Judges

The Wellcome Trust Book Prize 2012 judging panel.
Mark Lawson

Mark Lawson (Chair)

Mark is a journalist, broadcaster and author. He presents BBC Radio 4's arts magazine programme 'Front Row', is a columnist for the 'Guardian' and is also the theatre critic of the 'Tablet'.

Mark studied English at University College London and has been a freelance contributor to numerous publications since 1984. In the mid-1990s he presented 'The Late Show' on BBC 2 and also presented 'The Late Review'. Since 2006, he has hosted a number of in-depth, one-to-one interviews for BBC Four, entitled 'Mark Lawson Talks To'.

Mark has published four works of fiction: 'Bloody Margaret' (1991), 'Idlewild' (1995), 'Going Out Live' (2001) and 'Enough is Enough' (2005). He has written several radio plays for the BBC, including 'The Third Soldier Holds His Thighs' (2005) and 'The Man Who Had 10 000 Women' (2002). He has also written episodes of the television version of the BBC sitcom 'Absolute Power' and a television play, 'The Vision Thing'.

He has twice been voted TV Critic of the Year and has won numerous awards for arts journalism.

Dr Brooke Magnanti

Brooke is a research scientist, blogger and author. She received a BSc from Florida State University in 1996, where she studied in the anthropology and mathematics departments. She later studied for a Master's in genetic epidemiology at the University of Sheffield and earned a PhD in the forensic pathology department there. She has worked in forensic science, epidemiology, chemoinformatics and cancer research.
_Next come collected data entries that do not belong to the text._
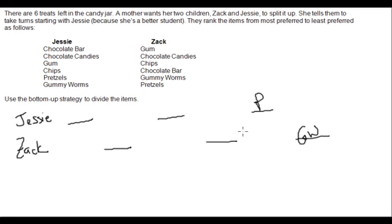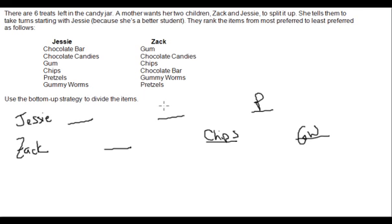Looking back at Zach's second-to-last pick: gummy worms were already chosen, and pretzels are on Jessie's last pick, so working back up, the next item is chips — that's what Zach will choose second. Now Jessie looks at Zach's list: pretzels and gummy worms were already chosen, so the next least-favored item would be the chocolate bar — that's Jessie's second pick. Then Zach looks at Jessie's list, going to the next item not yet selected, which is gum. Zach wants gum, so he'll choose that as his first pick.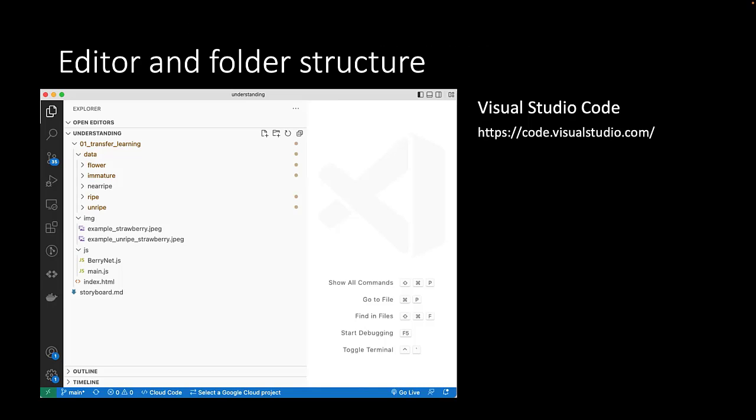Visual Studio Code is again our programming environment. The project structure is as follows: the data folder will contain images of strawberries that will be used to train our algorithm.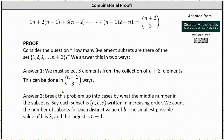For the second answer, we break this problem up into cases by what the middle number in the subset is. Say each subset is the set with elements a, b, and c written in increasing order. We count the number of subsets for each distinct value of b. Since the elements are in increasing order, the smallest possible value of b is two and the largest possible value of b is n plus one.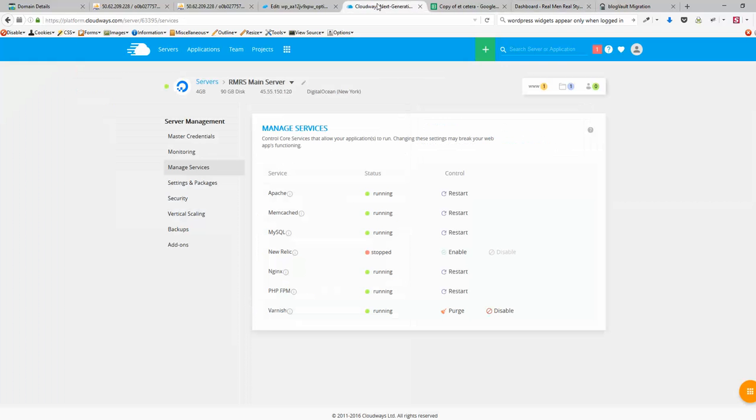And also if you have something on your server like I have, this Varnish, I need to purge as well in order for my text widgets to appear.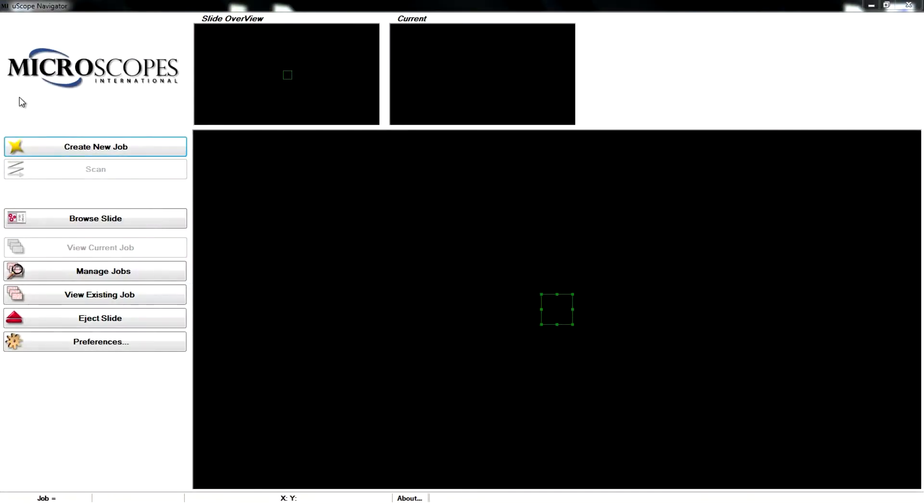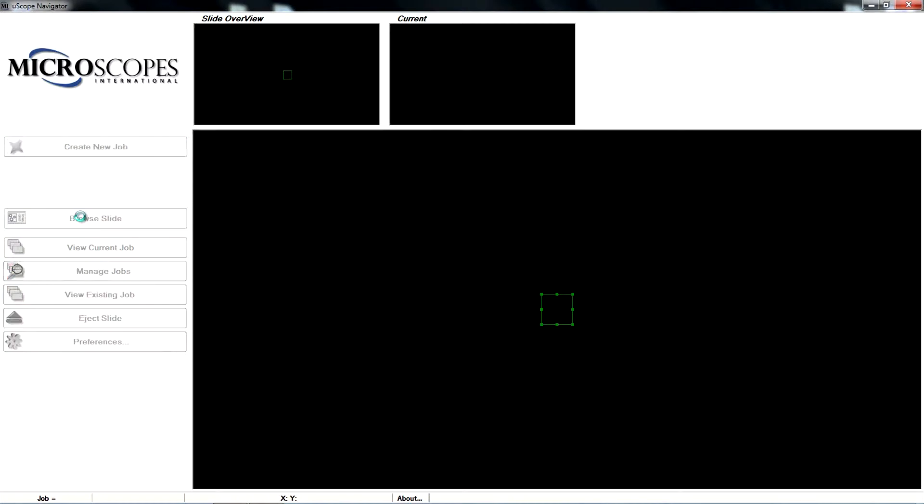The Uscope MX2 Digital Microscope can browse media samples on glass slides. To begin, insert a slide into the microscope and click on the Browse Slide button in the Uscope Navigator software.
Brooke is the author of the bestselling 'Belle de Jour' series of books, which were adapted into the hit ITV show 'Secret Diary of a Call Girl'. She was formerly a columnist for the 'Sunday Telegraph' and 'Erotic Review' as well as contributing pieces to the 'Guardian', 'Big Issue' and 'Town'. Her latest book, 'The Sex Myth', has just been published.

Henry Marsh

Henry is a leading British neurosurgeon and a pioneer of neurosurgical advances in Ukraine. He is now the senior consultant neurosurgeon at the Atkinson Morley Wing at St George's Hospital, one of the UK's largest specialist brain surgery units.
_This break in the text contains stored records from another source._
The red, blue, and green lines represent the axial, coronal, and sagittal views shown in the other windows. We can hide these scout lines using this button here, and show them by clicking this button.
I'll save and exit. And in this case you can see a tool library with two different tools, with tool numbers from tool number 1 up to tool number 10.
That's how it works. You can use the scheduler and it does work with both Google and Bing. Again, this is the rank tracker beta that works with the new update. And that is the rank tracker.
He specialises in operating on the brain with the patient under local anaesthetic and was the subject of a major BBC documentary, 'Your Life in Their Hands', in 2004, which won the Royal Television Society Gold Medal. Since 1992 he has been working with neurosurgeons in the former Soviet Union - mainly in Ukraine, with mentee neurosurgeon Igor Petrovich - and his work there was the subject of the BBC Storyville film 'The English Surgeon' (2007).

Sue Matthias

Sue was appointed Editor of the 'Financial Times Weekend Magazine' in June 2010. She launched the new-look version of the magazine, which was nominated for Supplement of the Year in the British Press Awards 2011.
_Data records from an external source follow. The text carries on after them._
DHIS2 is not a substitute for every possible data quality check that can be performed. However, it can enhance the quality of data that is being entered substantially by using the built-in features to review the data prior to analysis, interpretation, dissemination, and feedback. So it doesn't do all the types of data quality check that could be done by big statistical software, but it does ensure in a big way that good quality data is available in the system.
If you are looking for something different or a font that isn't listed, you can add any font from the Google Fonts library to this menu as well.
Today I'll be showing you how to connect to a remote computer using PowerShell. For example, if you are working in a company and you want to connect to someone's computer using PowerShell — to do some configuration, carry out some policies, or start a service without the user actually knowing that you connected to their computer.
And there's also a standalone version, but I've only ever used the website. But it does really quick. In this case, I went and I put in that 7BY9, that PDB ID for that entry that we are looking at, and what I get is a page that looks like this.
Sue was previously Assistant Editor of the 'Independent on Sunday', and some of her other roles include Deputy Editor of the 'New Statesman' and Acting Editor of the 'Guardian Weekend' magazine. She is a member of the Advisory Board of Women in Journalism and of the Editorial Advisory Board of the 'British Journalism Review'.

Ruth Padel

Ruth is a poet, writer and Fellow of the Royal Society of Literature and the Zoological Society of London. Her awards include first prize in the UK National Poetry Competition, the Cholmondeley Award from The Society of Authors, an Arts Council of England Writers' Award, and a British Council Darwin Now Research Award for her novel 'Where the Serpent Lives'.

She has published eight poetry collections, a novel and eight works of non-fiction, including several much-loved books on reading poetry. She is also a well-known radio broadcaster and recently presented 'Poetry Workshop', a landmark BBC Four series of programmes on writing poems. She is the great-great-granddaughter of Charles Darwin.